Introduction
CritterWatch is a purpose-built production monitoring and management console for distributed systems built on the Critter Stack — Wolverine, Marten, and Polecat. It delivers real-time visibility into service health, message flow, dead letter queues, event store projections, and alerting, all from a single unified interface.
The Problem
Modern distributed systems built on messaging, event sourcing, and CQRS patterns introduce operational challenges that general-purpose monitoring tools were never designed to address.
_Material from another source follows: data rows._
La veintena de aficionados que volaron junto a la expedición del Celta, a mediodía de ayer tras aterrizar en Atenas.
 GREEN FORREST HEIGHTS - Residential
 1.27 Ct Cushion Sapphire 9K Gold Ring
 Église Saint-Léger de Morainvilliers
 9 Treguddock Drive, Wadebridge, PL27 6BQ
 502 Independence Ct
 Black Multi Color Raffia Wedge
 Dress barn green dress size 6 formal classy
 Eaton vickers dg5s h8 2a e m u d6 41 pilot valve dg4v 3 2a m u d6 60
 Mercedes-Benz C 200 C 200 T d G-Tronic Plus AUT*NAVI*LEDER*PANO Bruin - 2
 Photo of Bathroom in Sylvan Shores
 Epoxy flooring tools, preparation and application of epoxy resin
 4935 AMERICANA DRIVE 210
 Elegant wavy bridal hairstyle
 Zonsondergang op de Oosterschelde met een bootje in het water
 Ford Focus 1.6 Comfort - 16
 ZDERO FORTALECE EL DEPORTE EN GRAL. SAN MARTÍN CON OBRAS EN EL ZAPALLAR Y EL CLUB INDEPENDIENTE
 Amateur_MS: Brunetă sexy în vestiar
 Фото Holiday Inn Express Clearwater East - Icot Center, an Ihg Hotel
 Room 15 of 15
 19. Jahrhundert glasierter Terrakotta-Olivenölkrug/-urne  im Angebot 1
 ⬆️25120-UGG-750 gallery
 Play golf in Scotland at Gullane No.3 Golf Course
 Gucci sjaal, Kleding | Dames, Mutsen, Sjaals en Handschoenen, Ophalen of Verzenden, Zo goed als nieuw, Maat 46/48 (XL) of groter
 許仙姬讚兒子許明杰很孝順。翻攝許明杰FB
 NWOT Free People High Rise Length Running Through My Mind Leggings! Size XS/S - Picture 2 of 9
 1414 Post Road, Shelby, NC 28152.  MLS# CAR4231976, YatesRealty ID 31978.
Event-driven architectures have unique blind spots. Event-sourced systems rely on projections and subscriptions to derive read models from append-only event stores. When a projection falls behind the high water mark or stalls entirely, the application continues to accept writes while read models silently go stale. Generic APM tools have no concept of projection lag, subscription health, or event stream continuity.
Dead letter queues are a ticking clock. Every message-driven system produces failed messages. Whether caused by transient faults, schema mismatches, or application bugs, dead-lettered messages represent lost business transactions. Without centralized visibility, teams discover DLQ buildup through customer complaints rather than dashboards. Replaying or discarding those messages typically requires direct database access or custom scripts.
Circuit breakers and back pressure need real-time awareness. Wolverine provides sophisticated error handling — circuit breakers that pause listeners after repeated failures, back pressure that throttles producers when consumers fall behind. These mechanisms protect systems from cascading failure, but operators need to know when they activate, why, and whether the underlying condition has resolved.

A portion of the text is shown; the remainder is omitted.